[Python-Dev] Priorities in the tracker

Stephen J. Turnbull stephen at xemacs.org
Sun Jan 20 23:23:37 CET 2008


Brett Cannon writes:

 > In my dream schema, severity becomes 

Then how does the user indicate how important it is to him?  My
severities (in an experimental roundup tracker I'm implementing) are
'inelegant', 'inconvenient', 'some work obstructed', 'much work
obstructed', 'security', 'data loss', 'sudden death'.
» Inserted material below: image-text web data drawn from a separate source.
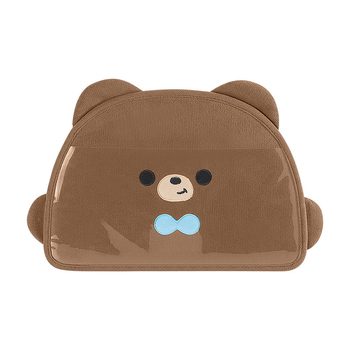 Držiak na tablet pre zadnú opierku automobilu, montáž na sponu, univerzálna kompatibilita áut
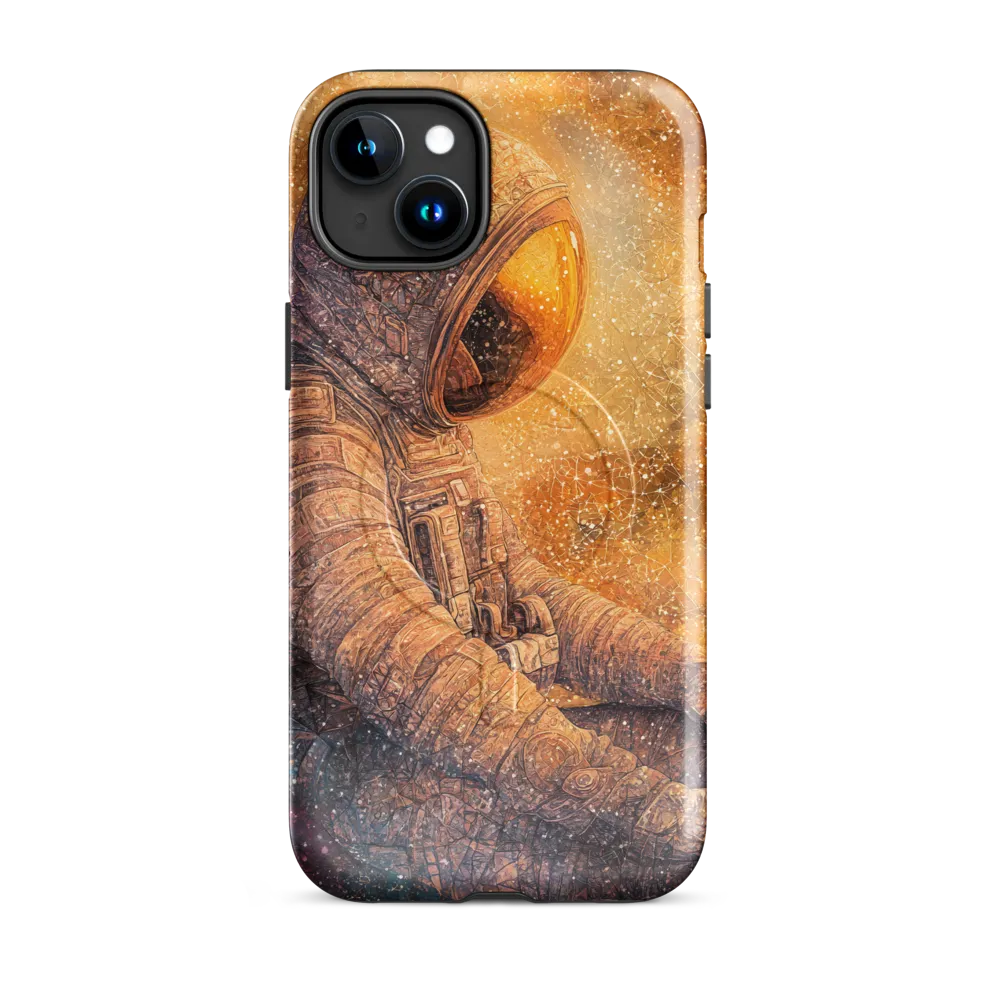 Contemplation in the Cosmos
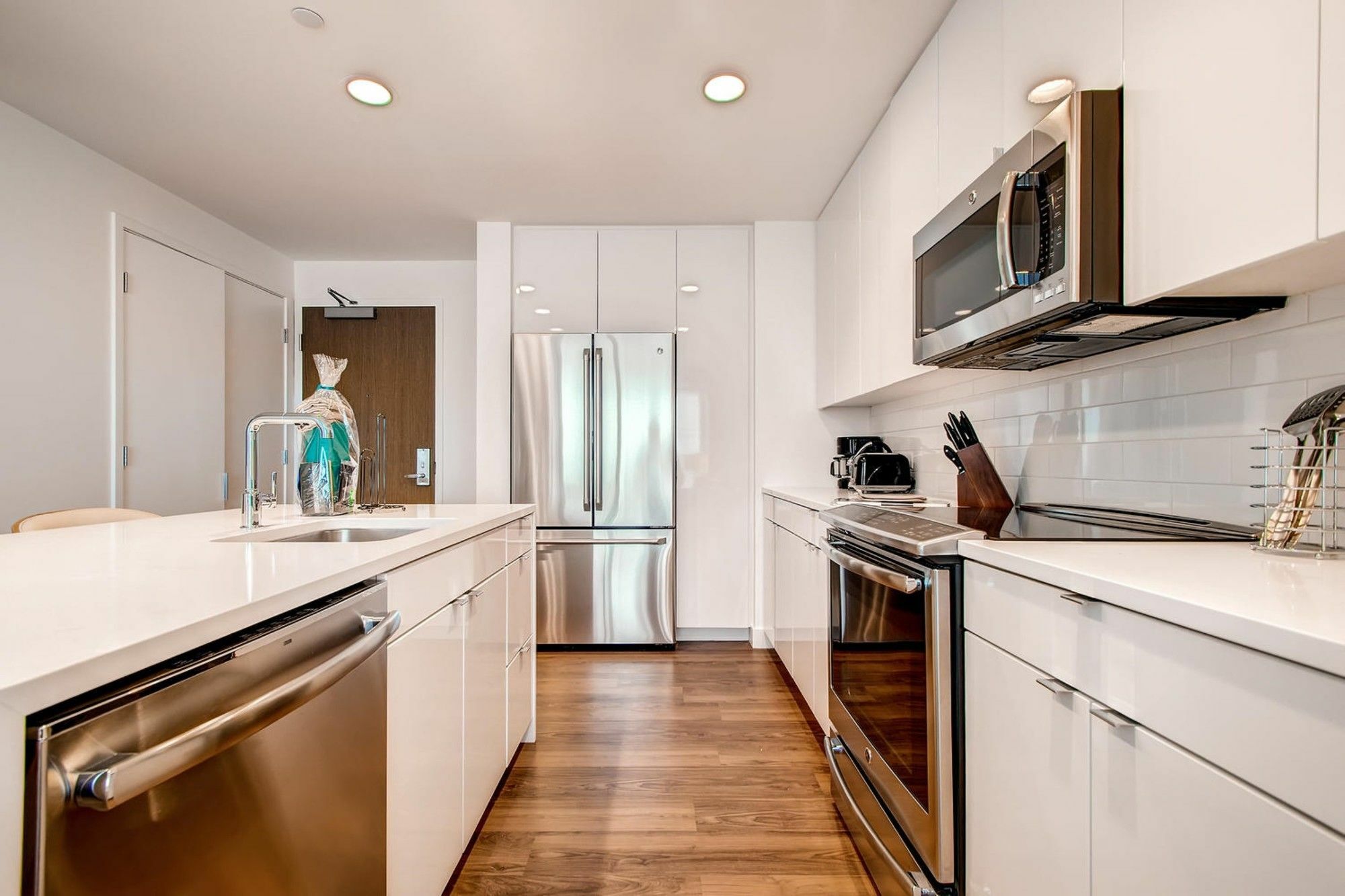 Global Luxury Suites At Fenway Boston Exterior foto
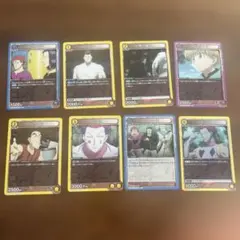 HUNTER×HUNTER トレーディングカードゲーム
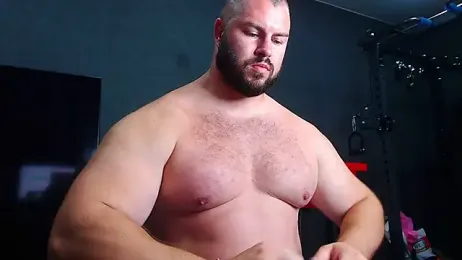 muscularjohnforuX stripchat stream image, 15.06.2026 14:00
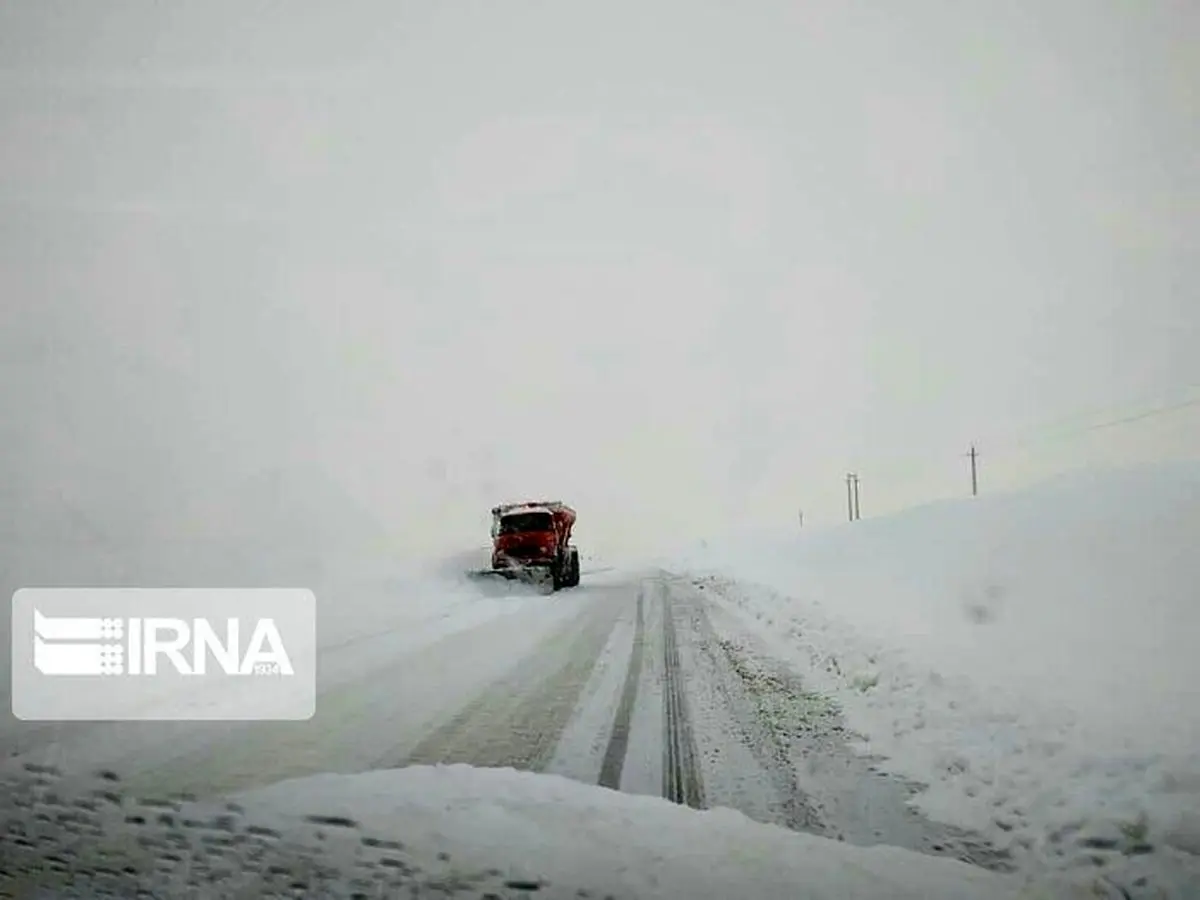آخرین وضعیت محورهای ارتباطی مازندران
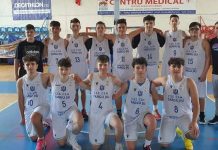 CSS Târgu Jiu U15 merge la București pentru turneul final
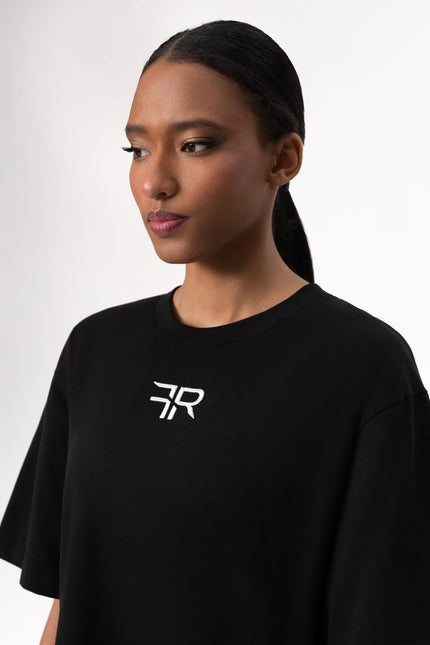 Freisi | Oversized T-Shirt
 > difficulty (e.g., easy, medium, hard, expert),

This is hard to classify with confidence, IMO.  It also means
different things: You could associate it with the set of developers
qualified to handle it, or with the amount of time it would take an
experienced developer to deal with it.  These points of view are
correlated, but I wouldn't be surprised if they have different effects
on the workflow.

 > type goes away,

I'm leaning to this myself, except that I think it is useful to inform
non-developers that some things are organizationally hard.  Eg, a "big
RFE" will require a PEP, while a "big bug" just gets fixed ASAP.

 > and priority changes to be release-based (e.g., RFE since those can
 > occur whenever, next minor release, next micro release,
 > immediately, etc.).

What you're talking about here is what a lot of projects call
milestones.  However, priority is a separate notion, especially for
features.  It indicates which features scheduled for the next
milestone are most likely to get delayed to a later one.

 > I think priority should more be tied to our release cycles than this
 > generic notion of importance. If it is important, we should try to get
 > it done by a certain release. Let's have that fact directly reflected
 > by the tracker.

Sure.

Note that if you take everything I said literally and implement it,
you get an unwieldy mess.  Something's gotta go, I expect.  But I
think there are aspects to the "dream schema" you present that are not
going to work as well as you would hope.